In questo clima, pensare di ridurre ulteriormente gli acquisti dei bond sotto il cosiddetto Quantitative Tightening non è realistico. L’impennata dello spread di ieri mette in guardia Christine Lagarde dall’adottare misure punitive nei confronti dei titoli del debito meno solidi nell’Area Euro. Un approccio restrittivo sarebbe possibile solo in assenza di frammentazione dei mercati, vale a dire in presenza di uno scudo anti-spread efficace. Cosa che non è. I rendimenti dei BTp verosimilmente sono destinati a scendere lungo la curva. Fino a qualche giorno fa, avevamo scritto il contrario, ma gli eventi verificatisi alla Silicon Valley si sono rivelati essere quell’imprevisto capace di cambiare la storia delle cose.

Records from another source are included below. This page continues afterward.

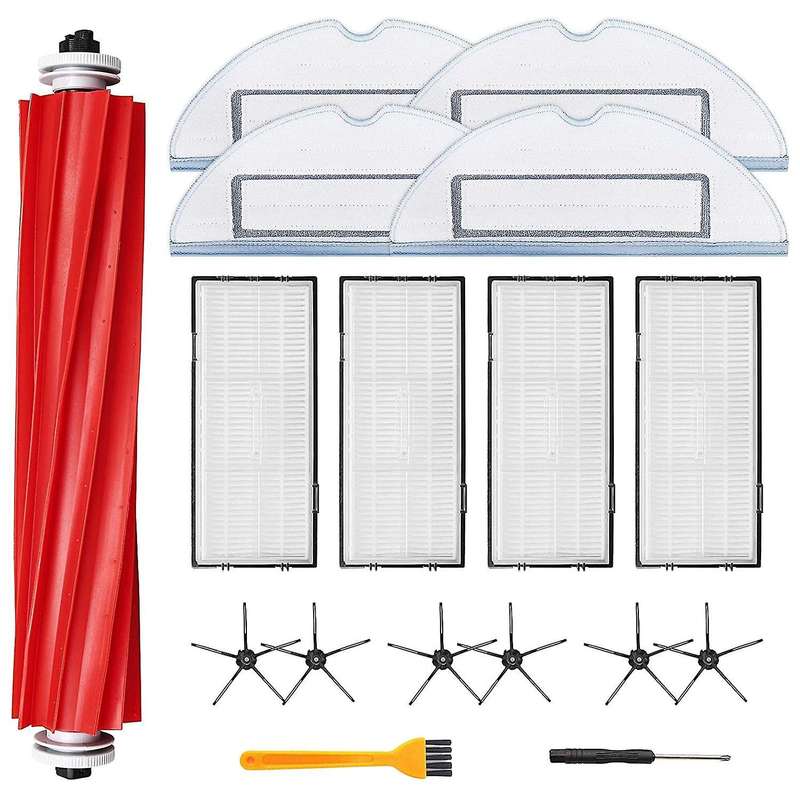 Main Brush Heap Filter Mop Pads for Roborock S7 S70 S7max Set Of 17
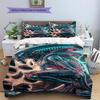 Aliens Pattern Bedding Quilt Set Quilt Cover Pillowcase Home Decoration Gift (1 * duvet cover + 2 * pillowcase, without core)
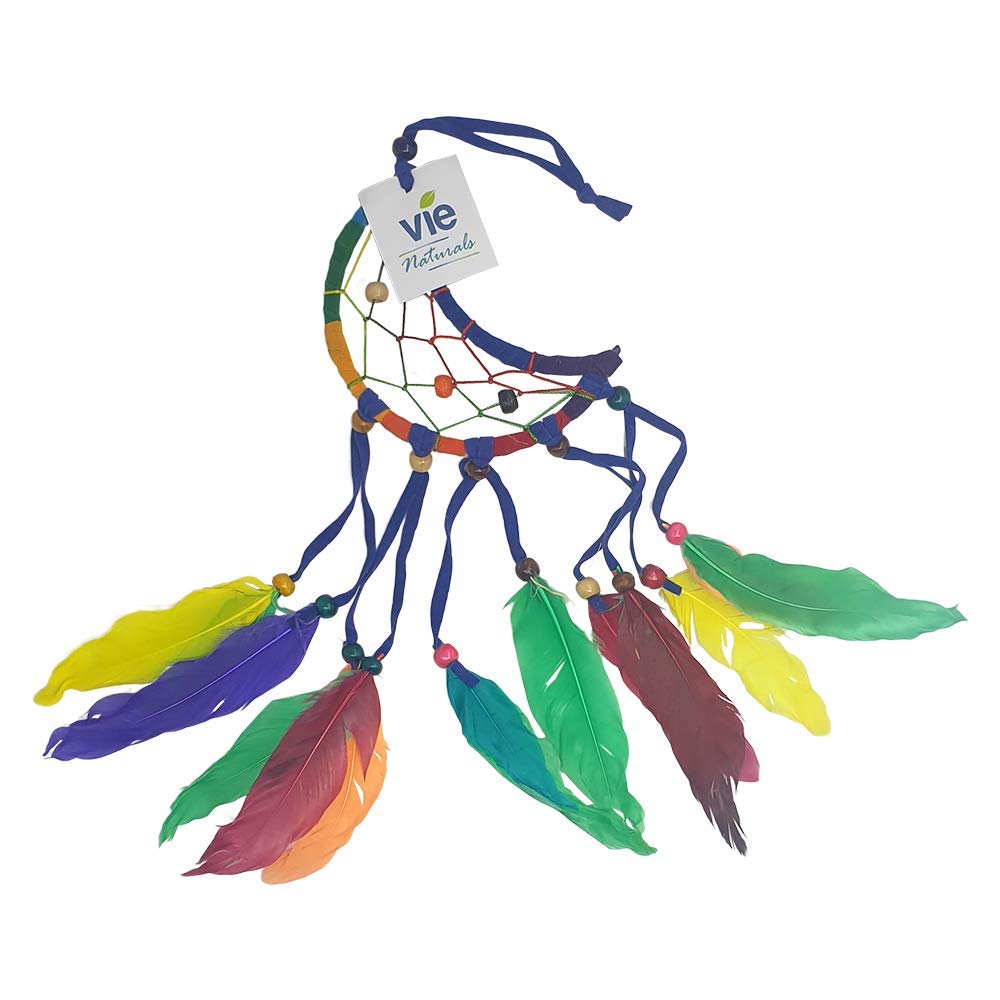 VIE Naturals Tree of Life Dream Catcher, 9cm, Rainbow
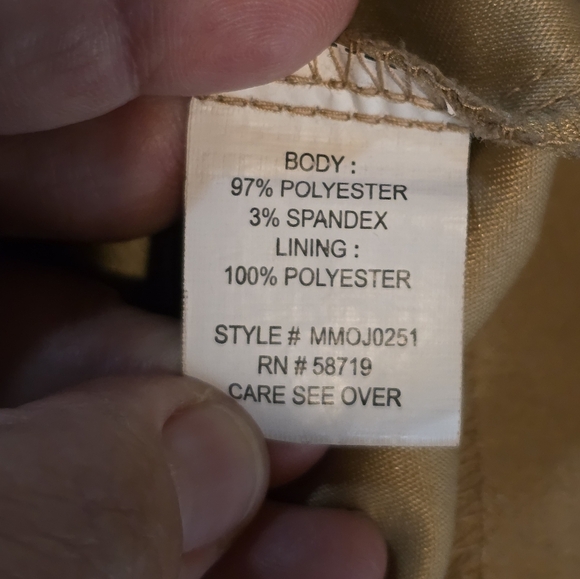 Elementz Tan Peplum Blazer Jacket XL Stretch Button Front Career Work - Picture 6 of 8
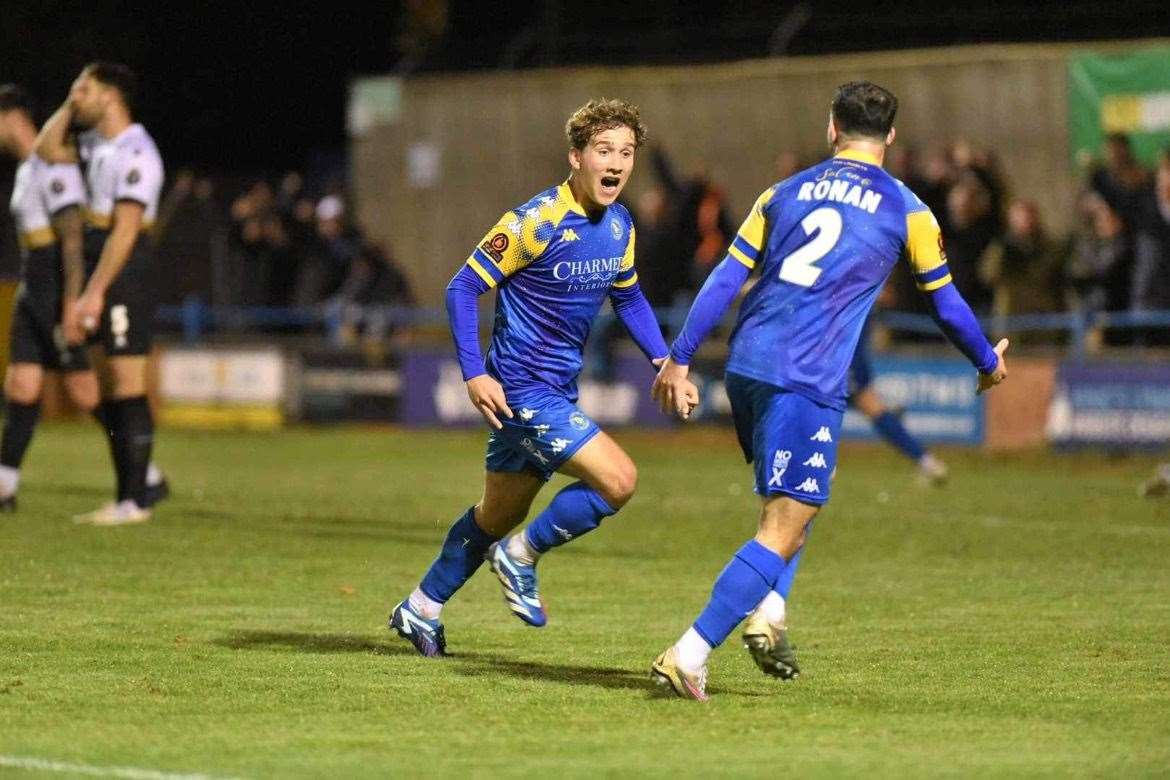 Midfielder George Morrison after scoring his first goal for the club. Picture: Tim Smith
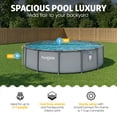 thumbnail image 2 of Funsicle 14' x 42" Oasis Above Ground Pool Set with Pump, Round Frame - Cool Gray, 2 of 6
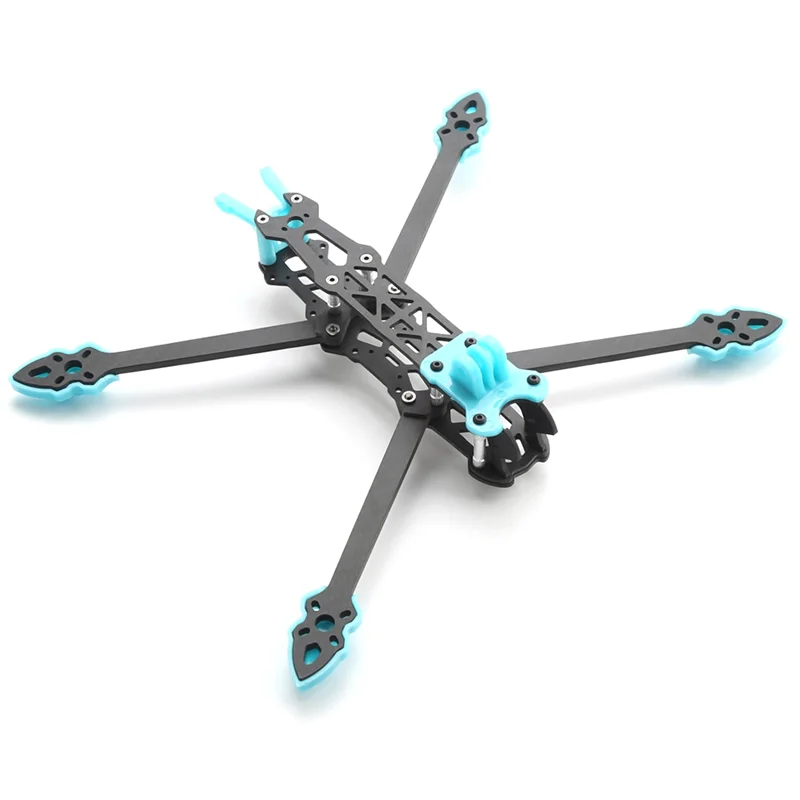 A01V-Mark4 7Inch 295Mm Quadcopter Frame Kit 5Mm Arm For 7" FPV Freestyle & RC Racing Drone With Blue Print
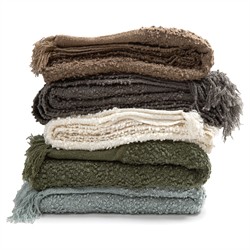 Murphy Modern Classic Blue Oversized Throw Blanket|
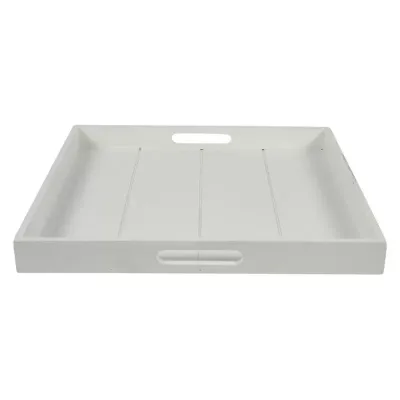Vassoio legno 39x39 bianco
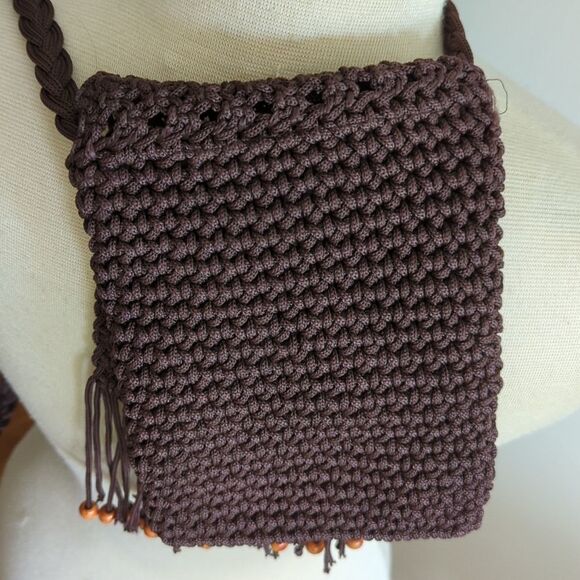Brown Shell and Bead Crossbody Bag - Picture 5 of 6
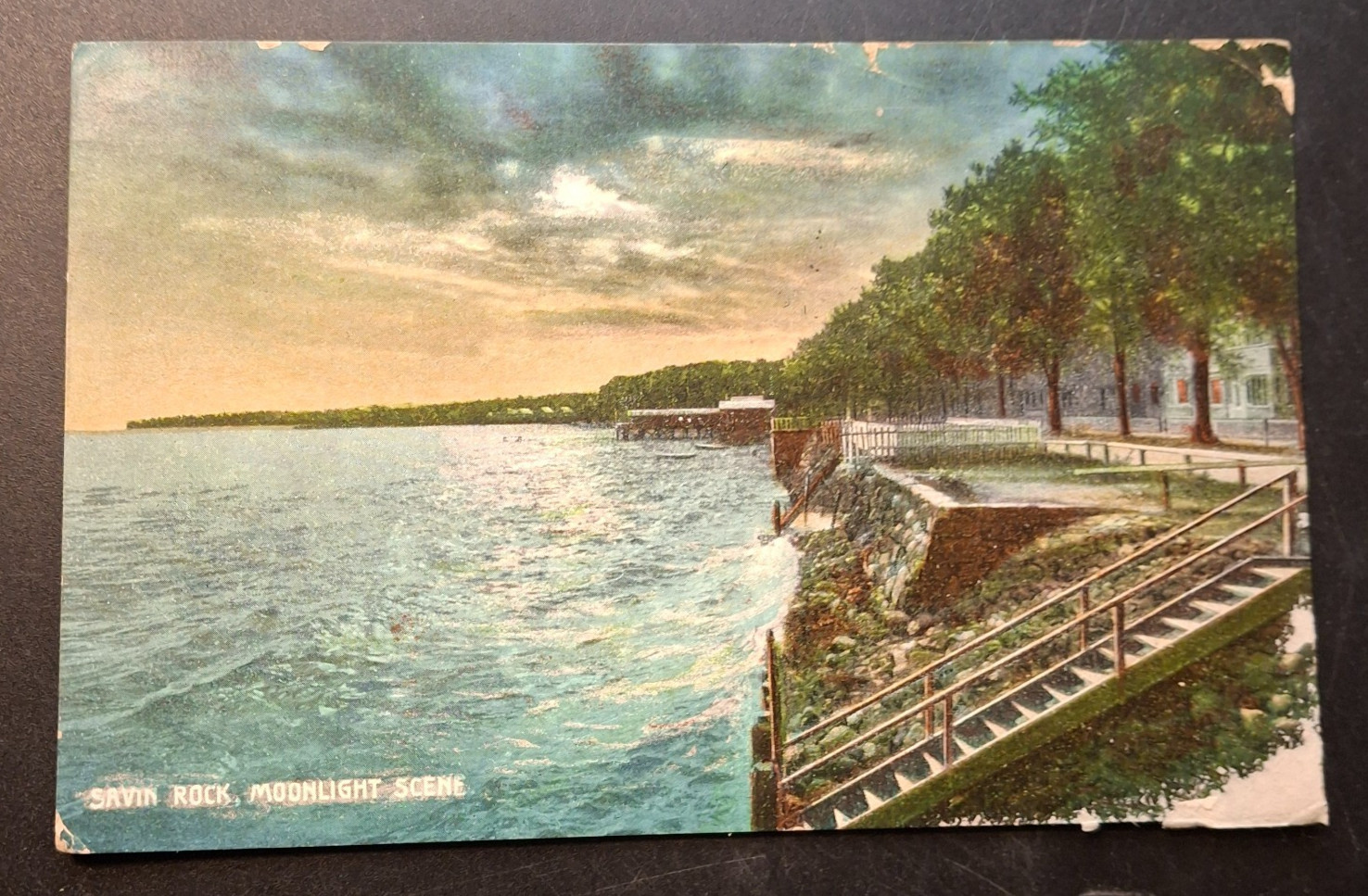 West Haven CT Savin Rock Postcard Historic Vintage Connecticut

Da notare che il Bund a 2 anni ieri pomeriggio offriva il 2,40%, vale a dire meno del tasso BCE sui depositi bancari al 2,50%. Una settimana prima, stava al 3,35%, nettamente sopra. Evidentemente, se prima scontava un ulteriore rialzo dei tassi di quasi l’1%, adesso prezza un costo del denaro invariato. Con oggi si conclude (o quasi) la stretta sui tassi BCE. Le banche centrali dovranno prestare massima attenzione a mantenere condizioni monetarie non eccessivamente restrittive per non aggravare una crisi finanziaria già iniziata. E poco potranno addebitare agli altri, visto che la tensione è stata scatenata dal cambio repentino di policy dopo numerosi anni di liquidità a fiumi e a tassi negativi.